[EXTRACTED DATA]:
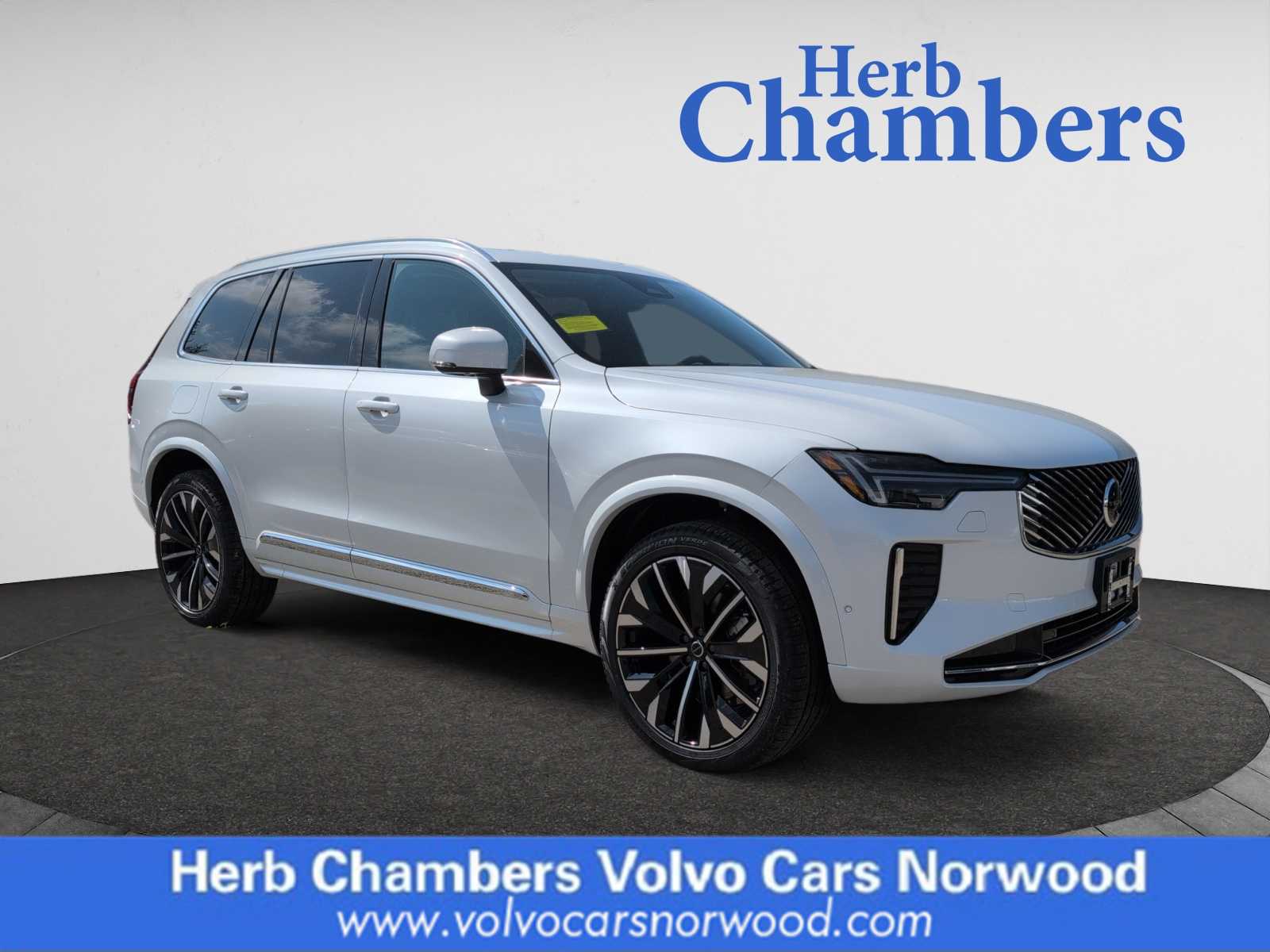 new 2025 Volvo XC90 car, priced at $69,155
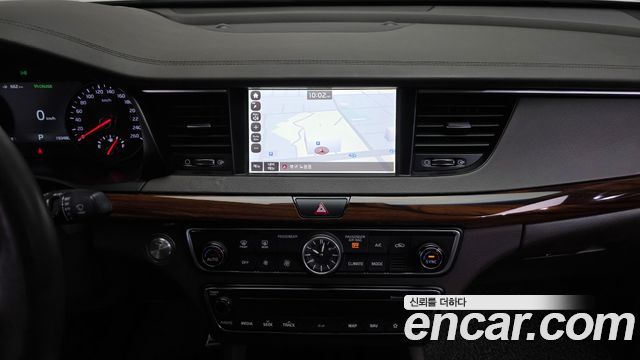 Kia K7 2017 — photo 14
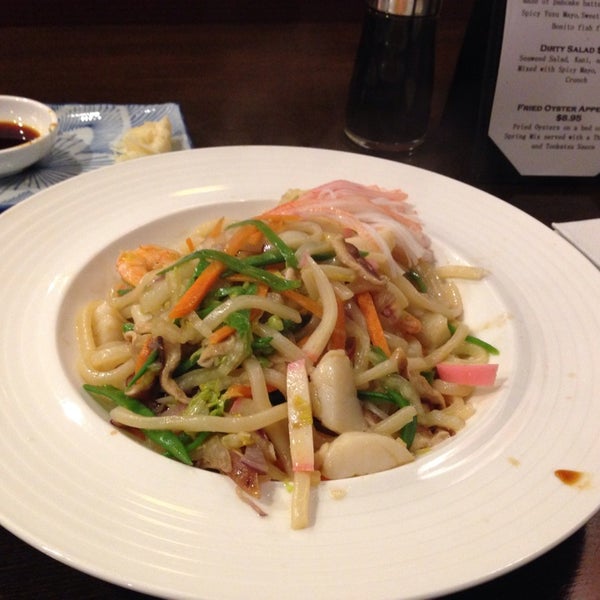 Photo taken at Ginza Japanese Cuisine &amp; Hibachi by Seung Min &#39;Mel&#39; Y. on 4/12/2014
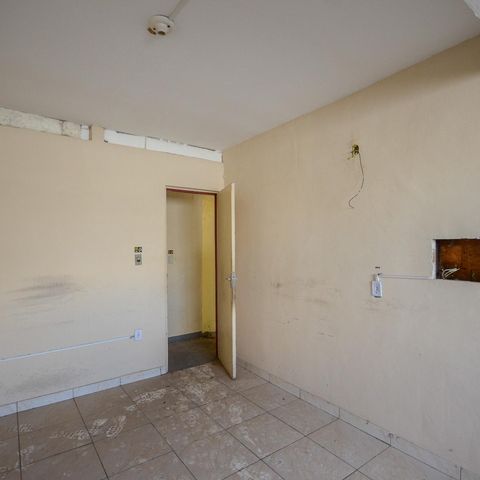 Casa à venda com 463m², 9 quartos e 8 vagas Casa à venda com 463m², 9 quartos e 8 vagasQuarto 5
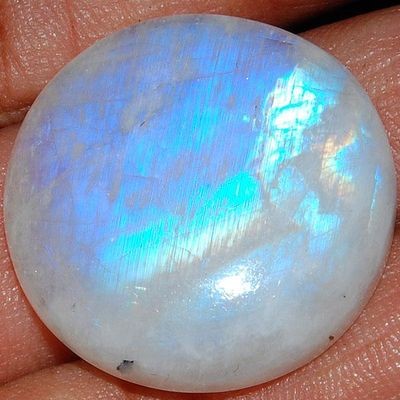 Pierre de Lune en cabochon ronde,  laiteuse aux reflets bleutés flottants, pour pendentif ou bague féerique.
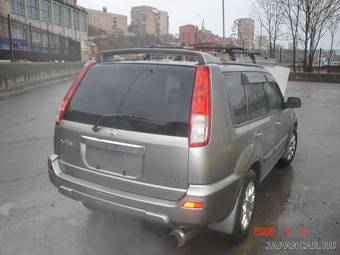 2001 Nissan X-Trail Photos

[WHAT YOU NEED TO DO]:
Write out exactly, and only, the lines from the line holding "Casa à venda com 463m², 9 quartos e 8 vagas Casa" through the end of the data, inclusive, without any pictures.

[ANSWER SPACE]:
 Casa à venda com 463m², 9 quartos e 8 vagas Casa à venda com 463m², 9 quartos e 8 vagasQuarto 5
 Pierre de Lune en cabochon ronde,  laiteuse aux reflets bleutés flottants, pour pendentif ou bague féerique.
 2001 Nissan X-Trail Photos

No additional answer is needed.